La ragazza non rispose; non perché non volesse, ma semplicemente perché non aveva idea di quale fosse la verità. Quando andava ancora a scuola, ricordava d’aver trovato piacevole la compagnia di Phineas Locke, un suo coetaneo che veniva spesso preso in giro per via dei suoi chili di troppo. A lei non dispiaceva affatto il volto dell’amico, sempre paonazzo e rotondo come quello d’una pagnotta di pane ben impastata. Se si fosse sforzata, sarebbe stata in grado persino di rammentar la scena in cui Phineas le aveva chiesto d’accompagnarlo alla sagra della verdura. Petra aveva accettato, ma non certo perché ricambiasse i genuini sentimenti del compagno di classe.
Col capitano era diverso: per quanto inflessibile e serio, era un uomo ch’era cresciuto con un’unica costante nella vita, quella di poter cambiare il mondo attraverso le sue azioni, il suo modo di fare. Austero e solitario, Levi non era altro che il frutto d’una vita misera e irta di pericoli,  attraverso la quale s’era fatto spazio con la forza, imponendosi su un destino che, forse, era già stato tracciato.
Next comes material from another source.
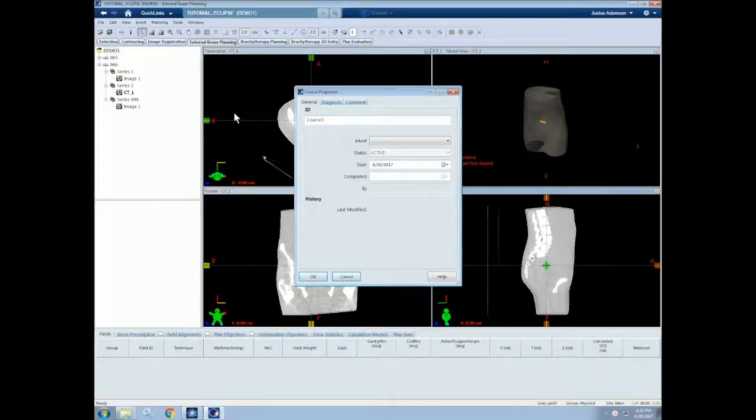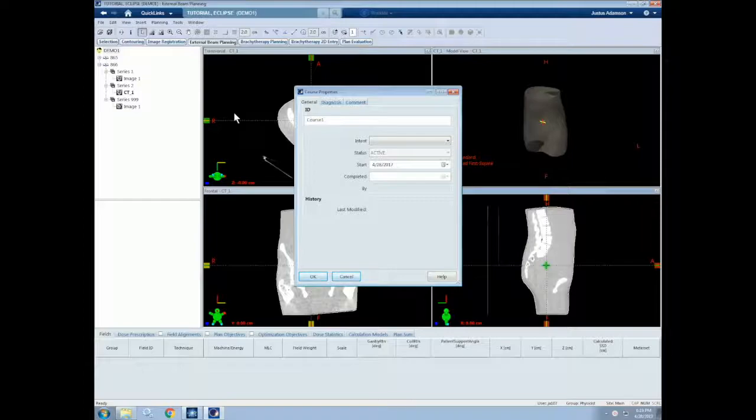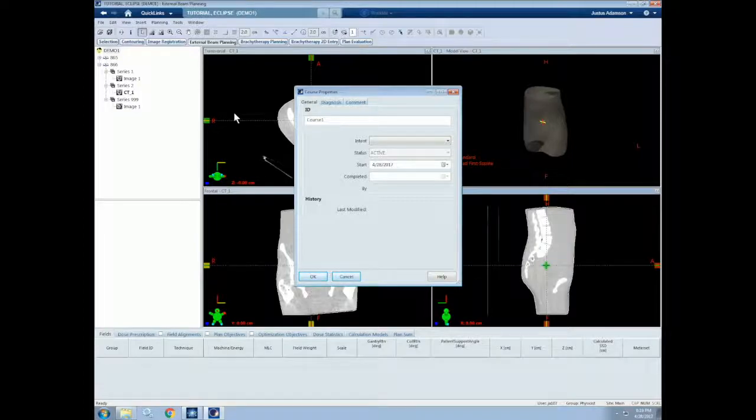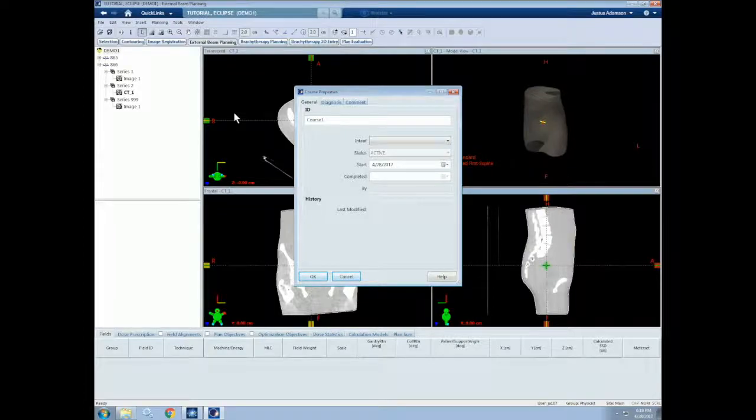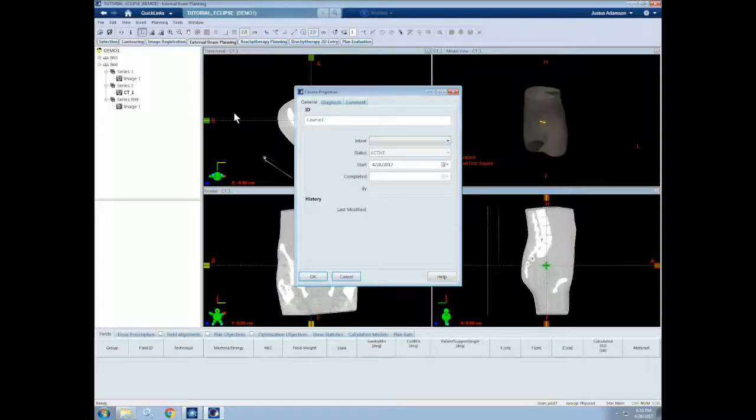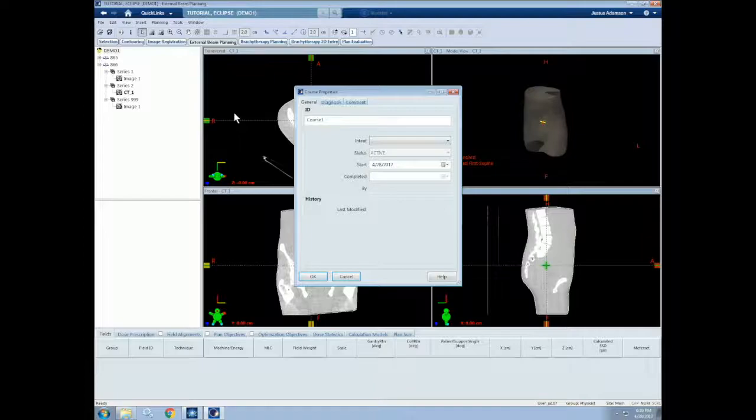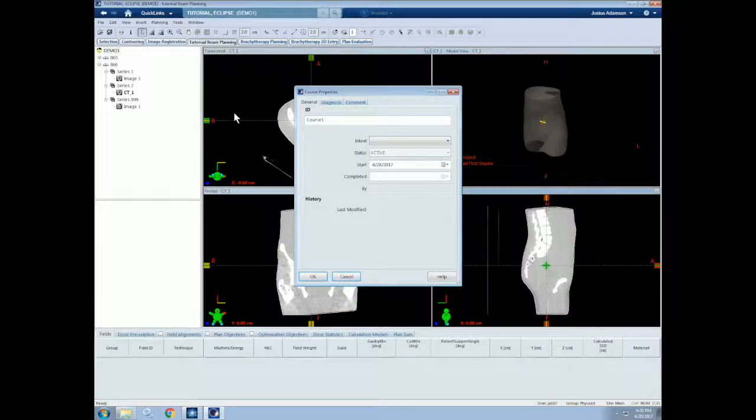A course is used to store multiple plans. Clinically, a course is used for each round of treatment a patient receives. For example, the first time a patient comes in, a course will be created for them, typically named C1. If that patient needs to return for future treatments, a second course will be created, typically named C2. Courses are useful for storing previous treatments, separating different treatment sites, and keeping non-clinical plans separate when doing research, training, or quality assurance.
Capitava sovente che si ritrovasse a fissarlo senza una ragione precisa, specie durante la sera, nel breve tempo che passavano tutti assieme; lo guardava di sottecchi, stando ben attenta a non farsi notare d’Auruo ch’era sempre un po’ troppo avvezzo a prenderla in giro, trascinando in quel ridicolo teatrino anche Gunther ed Erd. Levi, nonostante gli schiamazzi, se ne rimaneva zitto, con la tazza di ceramica imprigionata dalle dita. Era una cosa che la ragazza aveva sempre trovato molto insolita: avrebbe potuto afferrarla per il manico, esattamente come facevano tutti. Ma lui no, l’abbrancava con ogni singola falange, in una morsa che le ricordava quella dei boa quando attaccavano la propria preda.
Quei dettagli, che sembravano non importare ad alcuno, per lei divennero così cari da ritrovarsi più di una volta ad arrossire per aver indugiato troppo con lo sguardo su scene del tutto banali: così tratteneva il respiro a lungo se il capitano la chiamava per nome, oppure s’imbarazzava quando le riconosceva dei meriti. Smise di credere che le importasse davvero il passato del suo superiore; di fronte al vociare rappreso dei giovani cadetti, si convinse che i trascorsi di Levi non avessero alcuna rilevanza e che, supponendo che le storie su di lui fossero vere, i fiori più belli nascessero sempre dal letame.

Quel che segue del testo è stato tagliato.